To the extent that these small T forces produce a torque about the centre of the board, the torques on opposite sides oppose each other and pretty much cancel.
The only time there will be a net torque on the board is when speeding up or slowing down while cornering. Otherwise there is no angular acceleration.
If you apply F to accelerate in a corner, the S forces at the front of the board will exceed those at the rear and lead to a net torque.

Well, that is not true. I am modeling the wheels according to the Pacejka tire model (see https://en.wikipedia.org/wiki/Hans_B._Pacejka#The_Pacejka_"Magic_Formula"_tire_models) and using the magic formula to calculate the longitudinal and lateral forces and self aligning torque of each wheel. So in this case T is a function of longitudinal slip and there actually needs to be a side slip in order for turning to happen, as no S force is generated if there is no side slip. The force F1 always acts in line with x-axis and without the S forces, it would never turn.

The answer I am looking for is irelevent of this anyway, I only gave it for context. I need to know if I can calculate the torque effect in the y-axis using the projected forces, as mentioned in my previous post.

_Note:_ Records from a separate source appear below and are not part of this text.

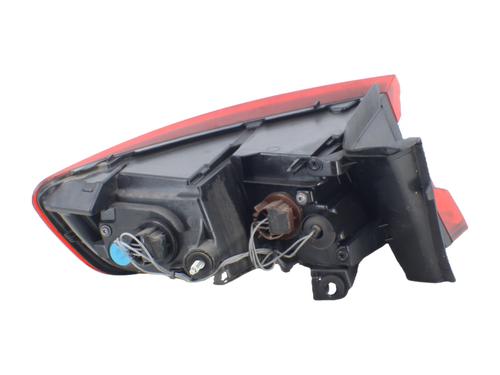 Right taillight RENAULT MEGANE IV Hatchback (B9A/M/N_) 1.5 dCi 110 (B9A3) | BP38258669C35  - Image 5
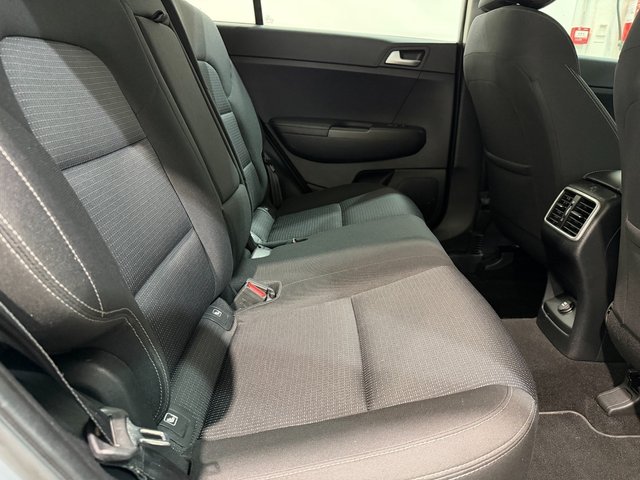 Kia Sportage 1.6 MHEV Drive 100kW (136CV) 4x2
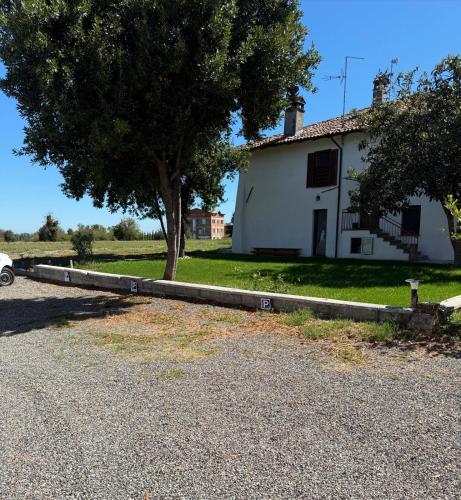 Viesnīcas āriene, Il Monastero di Qua in Agazzano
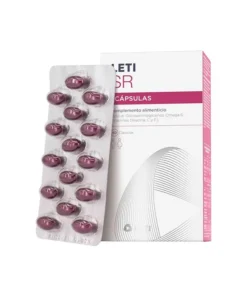 Letisr 60 capsule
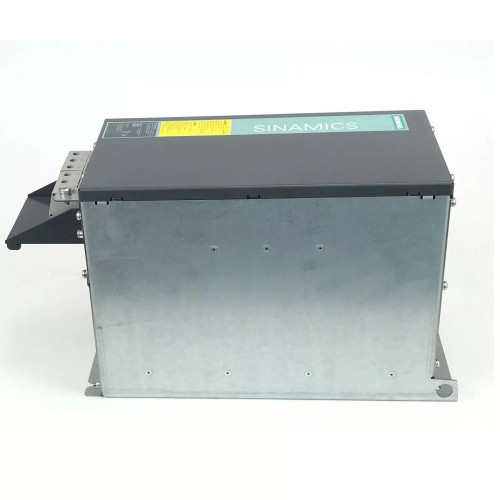 Siemens Frequency Converter 6SL3100-0BE25-5AB0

Thank you for the quick reply, haruspex, I hope you can help me find the answer.

John

 

[haruspex]

self aligning torque of each wheel

Is that the torque you are interested in? If so, I misunderstood; I had thought you were interested in torque on the board as a whole.
Self-aligning torque acts to restore alignment. When the wheels are perfectly aligned there is no torque.
Even when not perfectly aligned, if the bogey is rotating steadily (about a vertical axis) to restore alignment, still no torque. That torque acts to change the rotation rate of the bogey. Is that really what you are asking about?

T is a function of longitudinal slip

needs to be a side slip in order for turning to happen

Thanks for clarifying what slip means here. But whether such slips are needed to create these forces or they are merely side effects of these forces while rolling is moot. E.g. if we replace a rubber tire on road with a steel tire on a pinion track we still get these forces without slip.
Saying the slip causes the forces is like saying that when I use a lever it is the bending strain in the lever that produces the force on the object. It is a reasonable statement but too detailed a view for most purposes.

without the S forces, it would never turn.

Yes, and I did not disagree with that. I wrote that the S forces do not need to produce a torque when maintaining a constant speed around a curve. A torque on the board is needed to change speed during a turn, or to change radius of turn.

So, please clarify, which torque is of interest to you?